→ **Assigned task**: Write out the data below in full, unchanged, minus the images.

---+---

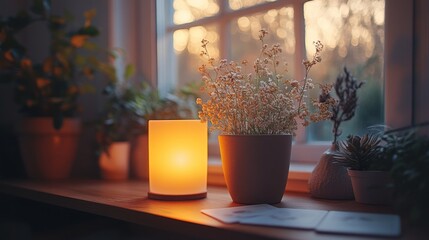Aufkleber - A soft candlelight radiates warmth next to delicate dried flowers in a pot, while sunlight filters through a window, creating a serene atmosphere.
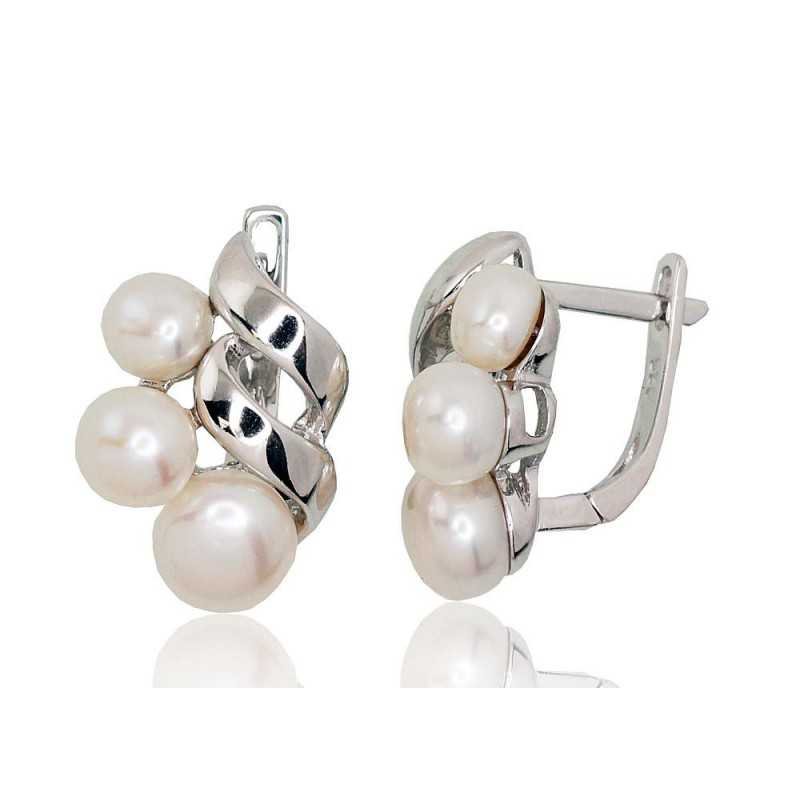 925°, Silver earrings with english lock, Fresh-water Pearl , 2202917(PRh-Gr)_PE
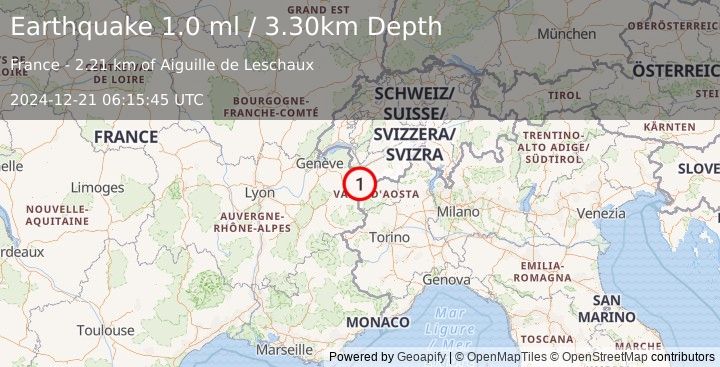 Earthquake NORTHERN ITALY (1.0 ml) (2024-12-21 06:15:45 UTC)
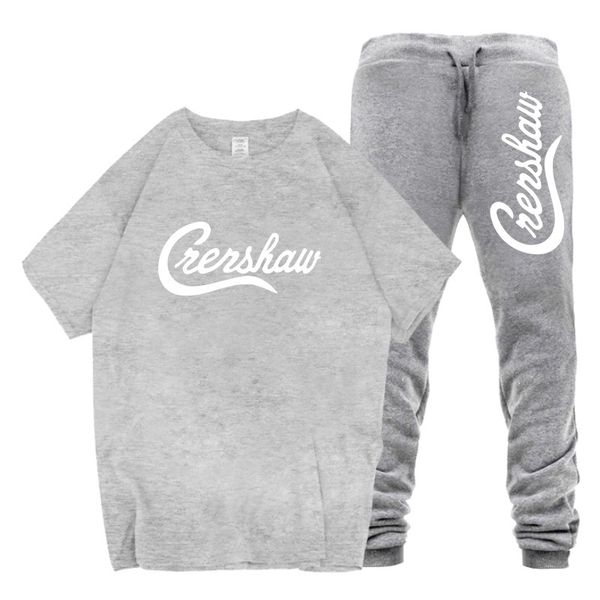 

crenshaw mens tracksuits nipsey hussle rip t shirts pants suits 2pcs clothes sets teenager sports suits, Gray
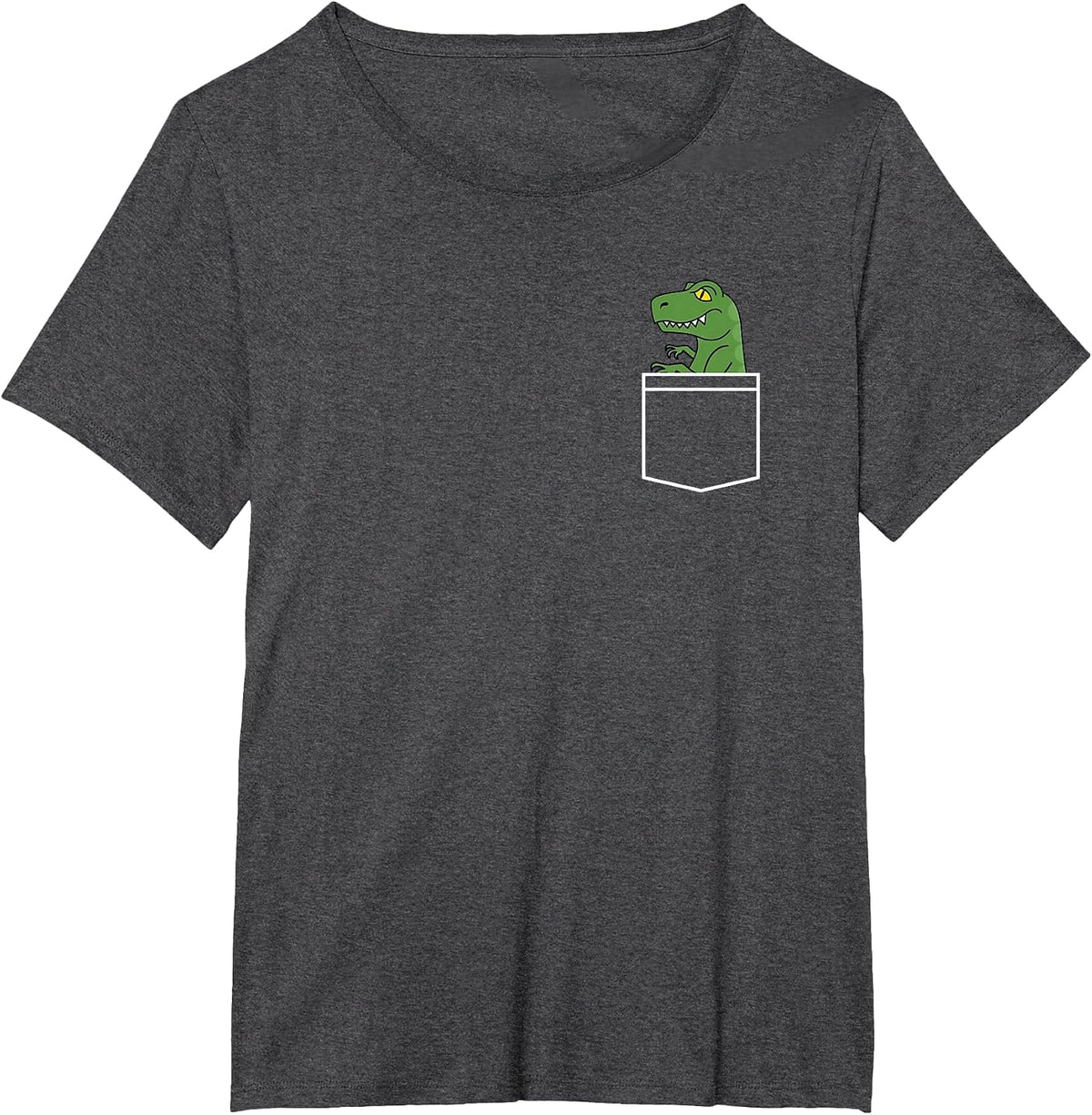Dinosaur - Minimalistic Pocket Design - Funny Dino Classic T-Shirt - Dark Heather Grey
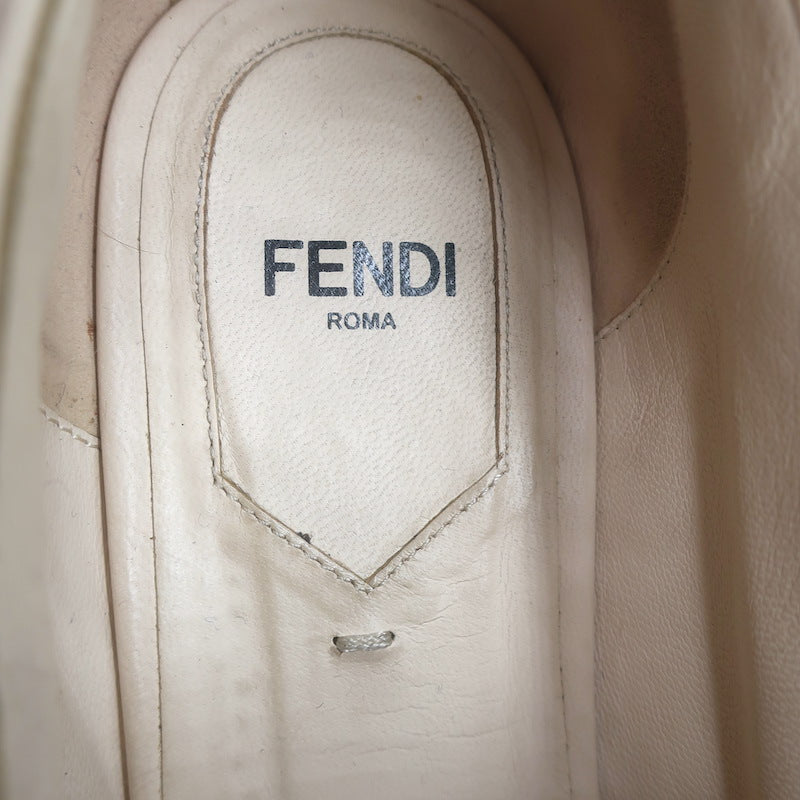 Fendi Perforated Lace-Up Oxfords Beige Leather Size 38.5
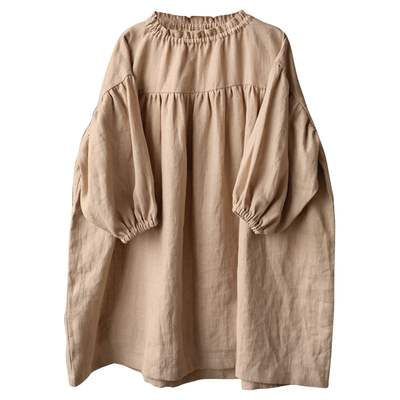 灯笼袖棉麻连衣裙长袖女秋季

---+---

→ **Solution for this problem**:
Aufkleber - A soft candlelight radiates warmth next to delicate dried flowers in a pot, while sunlight filters through a window, creating a serene atmosphere.
 925°, Silver earrings with english lock, Fresh-water Pearl , 2202917(PRh-Gr)_PE
 Earthquake NORTHERN ITALY (1.0 ml) (2024-12-21 06:15:45 UTC)

crenshaw mens tracksuits nipsey hussle rip t shirts pants suits 2pcs clothes sets teenager sports suits, Gray
Dinosaur - Minimalistic Pocket Design - Funny Dino Classic T-Shirt - Dark Heather Grey
 Fendi Perforated Lace-Up Oxfords Beige Leather Size 38.5
 灯笼袖棉麻连衣裙长袖女秋季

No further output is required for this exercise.